INPUT DATA:
────────────────────────────────────────
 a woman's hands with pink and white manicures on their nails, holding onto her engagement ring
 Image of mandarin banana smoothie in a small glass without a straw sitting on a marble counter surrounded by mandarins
────────────────────────────────────────
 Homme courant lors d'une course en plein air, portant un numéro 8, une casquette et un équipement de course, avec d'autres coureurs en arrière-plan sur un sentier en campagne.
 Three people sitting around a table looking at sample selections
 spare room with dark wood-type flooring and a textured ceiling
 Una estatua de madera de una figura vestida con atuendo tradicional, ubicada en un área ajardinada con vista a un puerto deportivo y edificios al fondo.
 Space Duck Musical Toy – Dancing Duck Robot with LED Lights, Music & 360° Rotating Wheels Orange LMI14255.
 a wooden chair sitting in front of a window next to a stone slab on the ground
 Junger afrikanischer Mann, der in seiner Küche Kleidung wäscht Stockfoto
────────────────────────────────────────
DIRECTIONS FOR THIS TASK:
Your answer should consist solely of the lines above from the line with "a woman's hands" to the line with "Image of mandarin", both included, reproduced exactly.

TASK RESPONSE:
 a woman's hands with pink and white manicures on their nails, holding onto her engagement ring
 Image of mandarin banana smoothie in a small glass without a straw sitting on a marble counter surrounded by mandarins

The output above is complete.